Raw data:

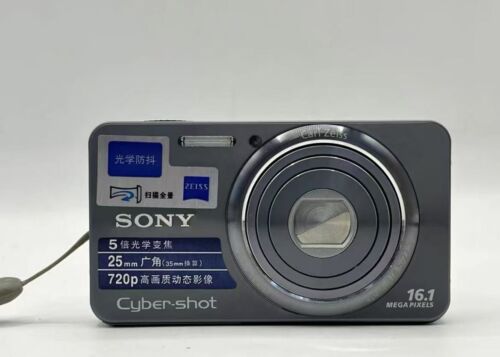 Sony Cyber-shot DSC-W570 16.1MP 5x Optical Zoom Digitalkamera Englisch Sprache - Bild 18 von 29
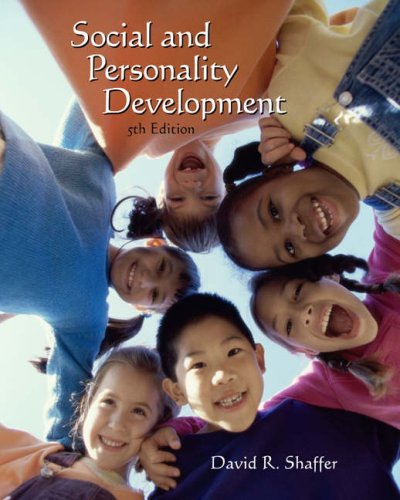 Social and Personality Development (with InfoTrac),Used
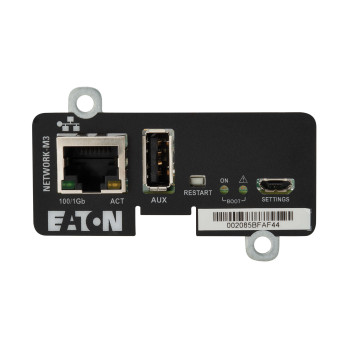 Eaton NETWORK-M3 karta sieciowa Wewnętrzny Ethernet 1000 Mbit s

Task to carry out: Every line of the material above must be written out exactly, with no pictures.

Expected output:
 Sony Cyber-shot DSC-W570 16.1MP 5x Optical Zoom Digitalkamera Englisch Sprache - Bild 18 von 29
 Social and Personality Development (with InfoTrac),Used
 Eaton NETWORK-M3 karta sieciowa Wewnętrzny Ethernet 1000 Mbit s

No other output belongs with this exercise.